### What to do
For the entries that follow, retype exactly the lines from the one containing "back of property featuring a wooden deck" to the one containing "Modern bedroom interior", inclusive, and only those. Images stay out of the copy.

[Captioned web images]
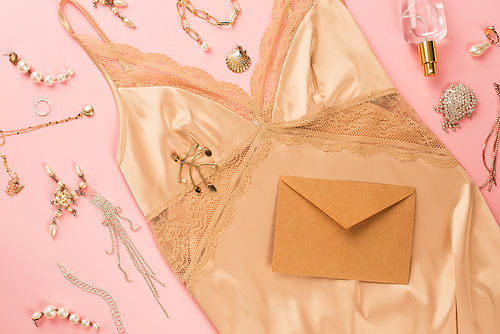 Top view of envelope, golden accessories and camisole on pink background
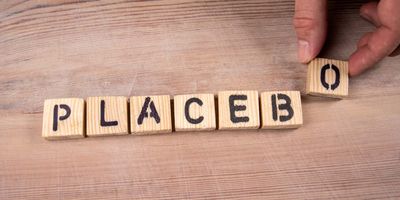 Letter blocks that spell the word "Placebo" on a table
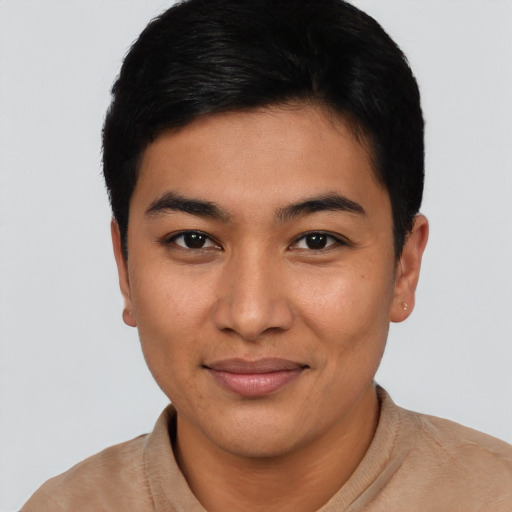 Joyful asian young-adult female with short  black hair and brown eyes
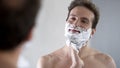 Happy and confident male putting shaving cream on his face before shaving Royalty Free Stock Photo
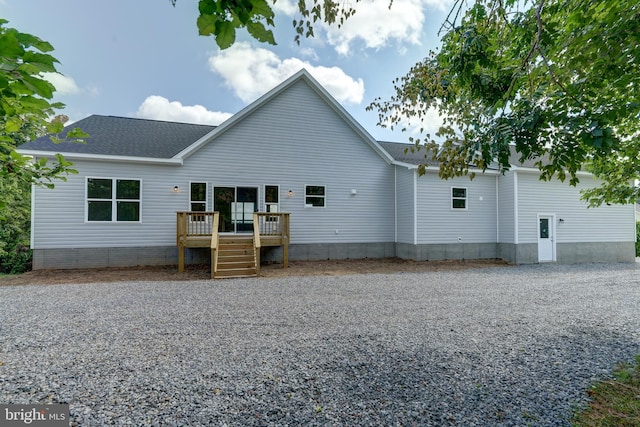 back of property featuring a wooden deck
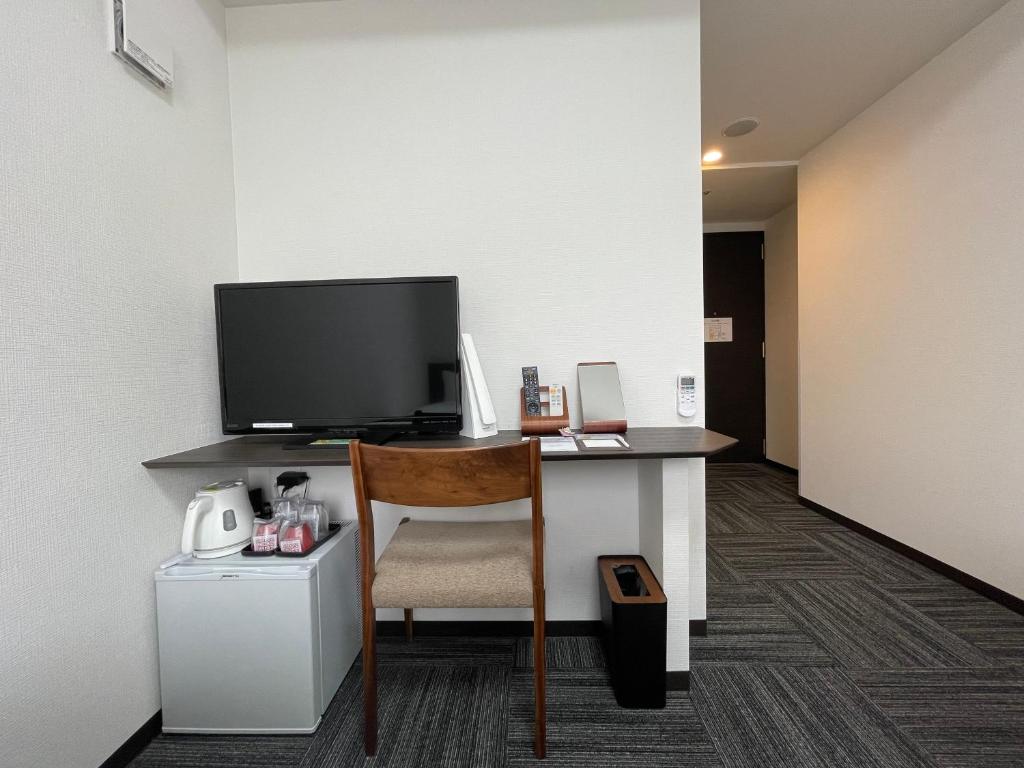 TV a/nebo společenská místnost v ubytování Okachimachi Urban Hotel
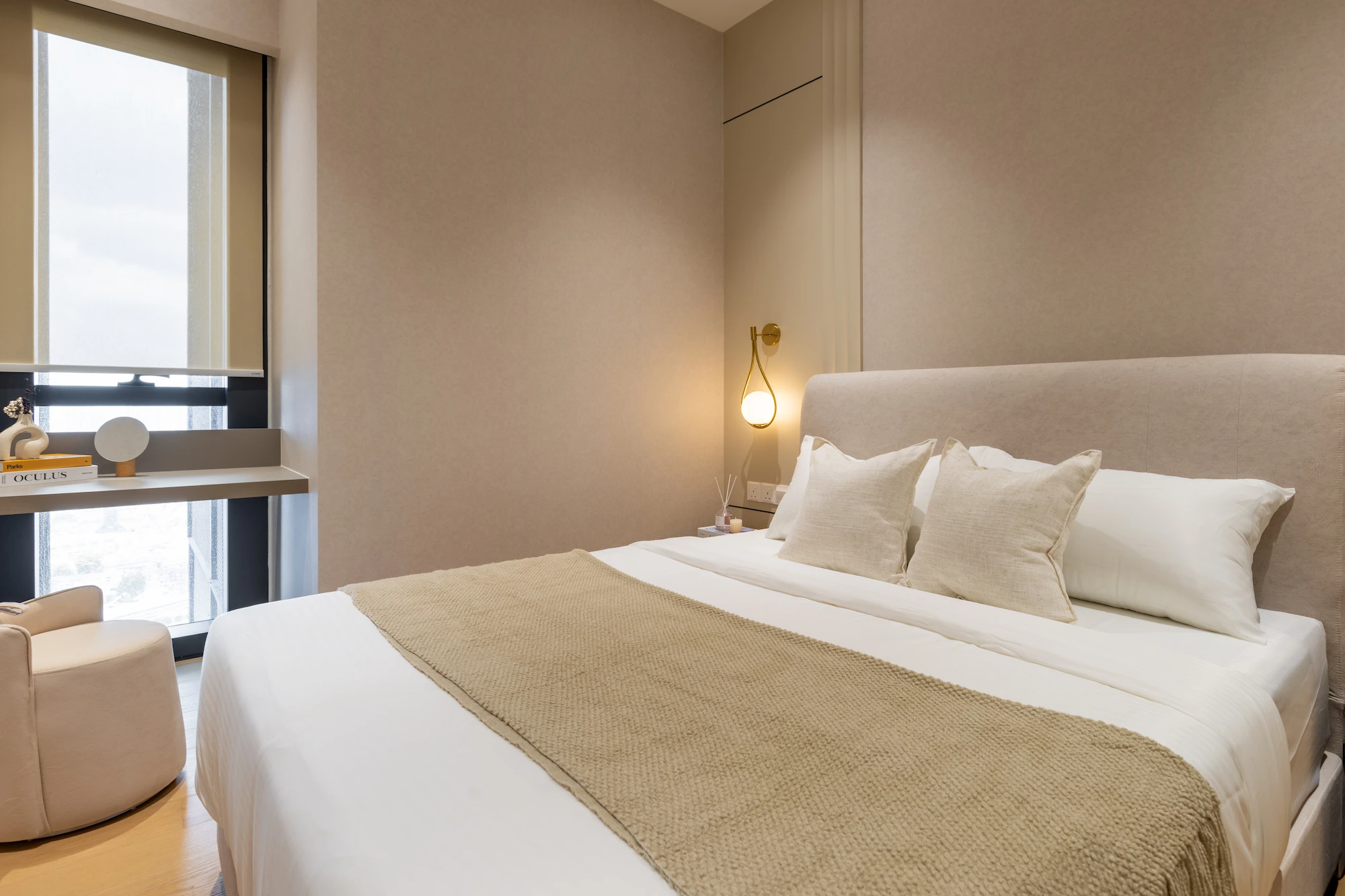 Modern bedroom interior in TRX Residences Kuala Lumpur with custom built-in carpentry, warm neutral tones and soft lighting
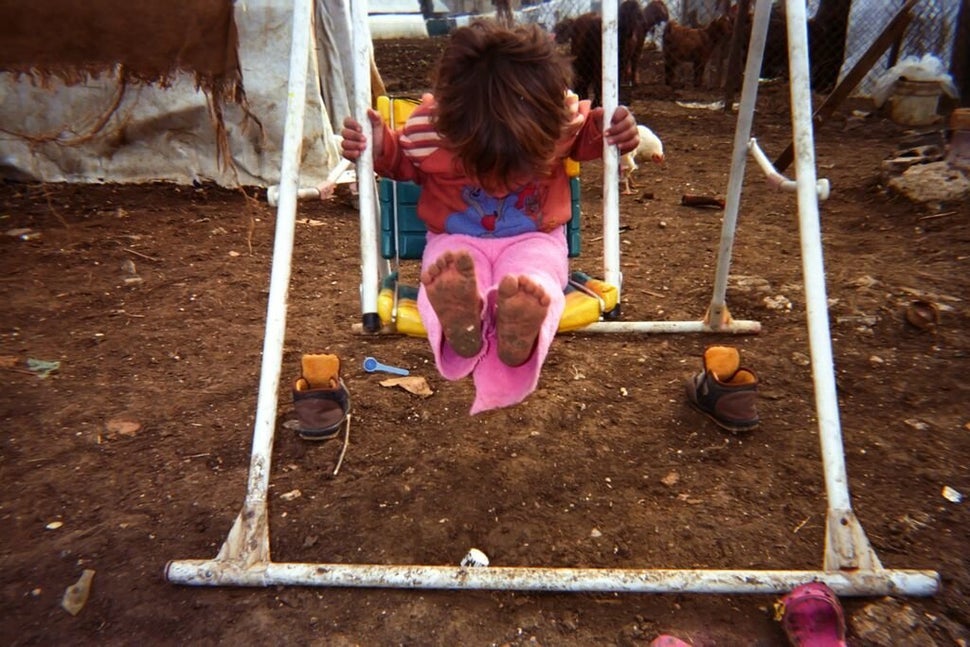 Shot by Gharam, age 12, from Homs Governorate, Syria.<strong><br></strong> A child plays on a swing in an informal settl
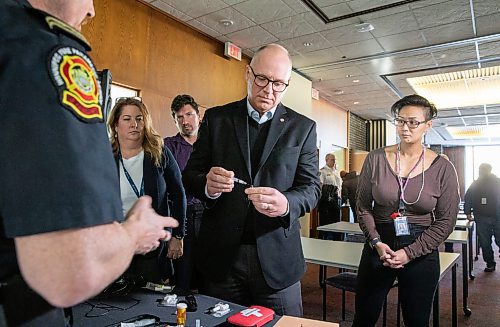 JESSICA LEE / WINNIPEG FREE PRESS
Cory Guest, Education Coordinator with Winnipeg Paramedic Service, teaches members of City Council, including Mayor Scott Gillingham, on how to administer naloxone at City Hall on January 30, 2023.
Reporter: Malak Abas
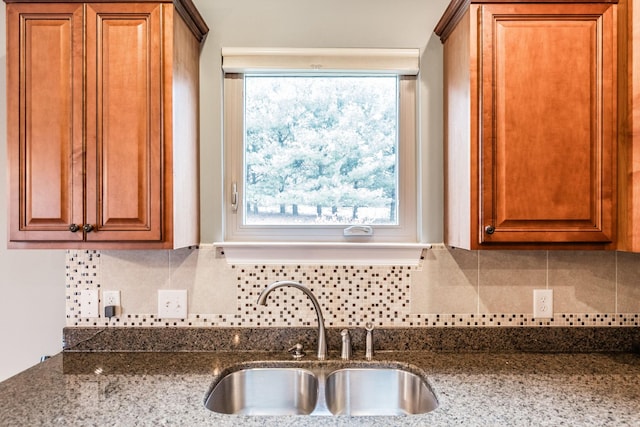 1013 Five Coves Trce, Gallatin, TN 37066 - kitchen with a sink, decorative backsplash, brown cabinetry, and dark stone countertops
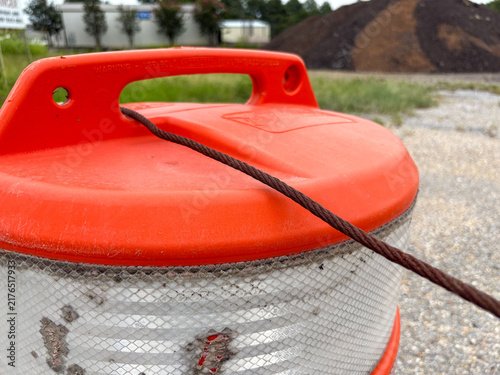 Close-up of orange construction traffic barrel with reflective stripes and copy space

### Answer to this exercise
 back of property featuring a wooden deck
 TV a/nebo společenská místnost v ubytování Okachimachi Urban Hotel
 Modern bedroom interior in TRX Residences Kuala Lumpur with custom built-in carpentry, warm neutral tones and soft lighting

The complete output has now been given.